En el caso de Antidisturbios, Rodrigo Sorogoyen se ponía al frente de la serie creada por él y por Isabel Peña con el respaldo de ser, a estas alturas, un director consagrado por haber llevado al cine historias de éxito de público y crítica como Madre, El reino, Que Dios nos perdone, o Stockholm; esta última la película con la que lo descubrí, una joyita. Sorogoyen es un maestro del ritmo cinematográfico, de la concepción estilística y formal de los planos de todas sus secuencias, nada está hecho al azar y sin embargo da la sensación cuando uno ve la serie de estar visionando un documental. En gran parte se debe a la espectacular fotografía de la serie, a un guion muy pero que muy bien armado y gestionado, pero sobre todo al elenco y al trabajo de dirección de actores. Porque no solo son geniales los capítulos que dirige Sorogoyen, los que maneja Borja Soler están a la misma altura. El arco narrativo de los protagonistas, su evolución psicológica, el impecable diseño de producción, el sonido, la música magnética de Olivier Arson, todo funciona con una precisión impresionante.
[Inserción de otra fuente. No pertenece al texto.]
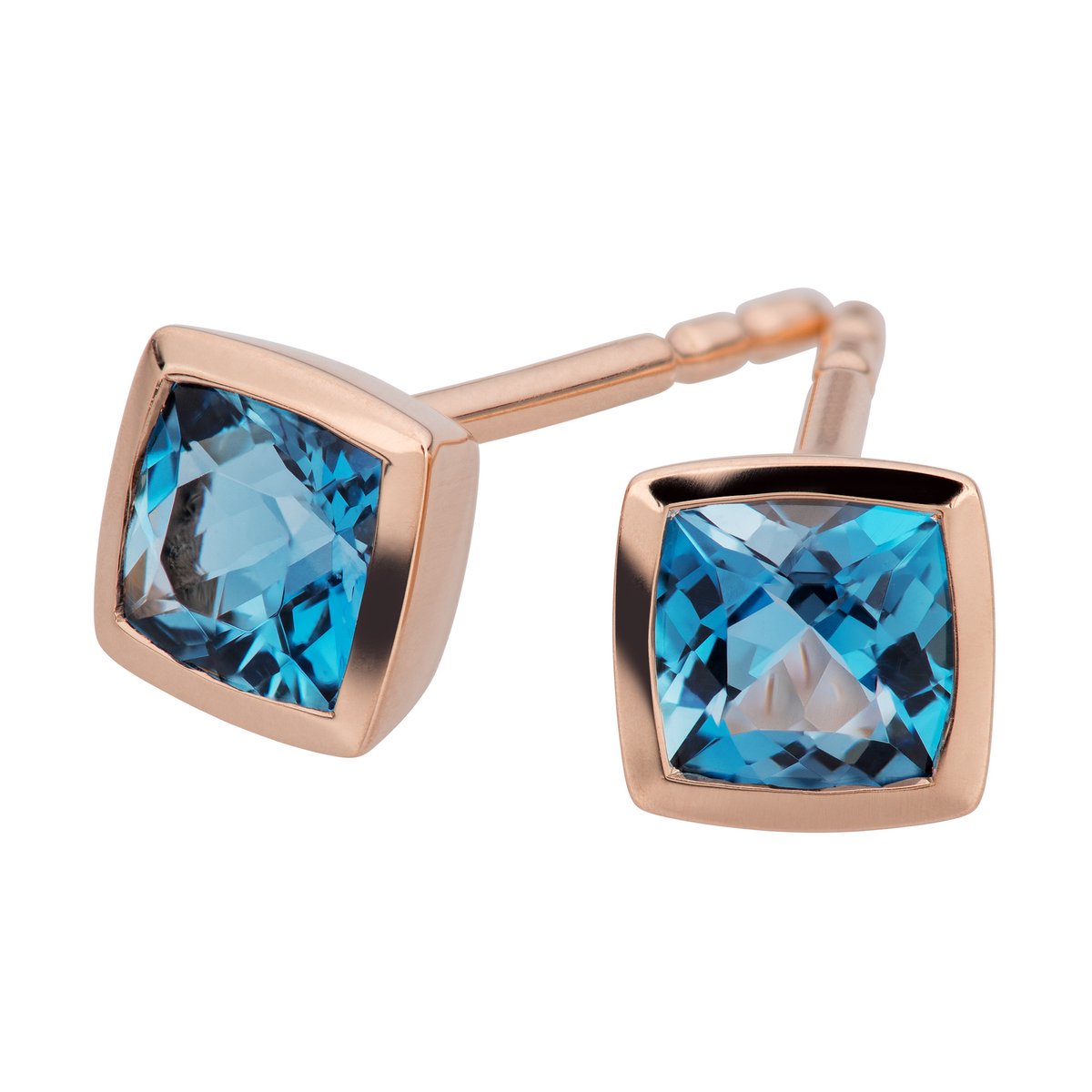 Orolino Ohrringe Gold 585 rosé mit 2x Blautopas (beh.)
Es dura, adrenalínica, un alarde técnico e interpretativo contundente de planos secuencia impecables, y por consiguiente un portentoso thriller que te pide ser visionado del tirón.
Los creadores nacionales pueden mirar el ombligo de la piel de toro sin temor, porque ya saben que si se produce con calidad, el imaginario que nos rodea como sociedad puede ser interesante allá donde se programe, porque las historias bien contadas y ejecutadas pueden ser universales si se llevan a buen término con medios y profesionalidad.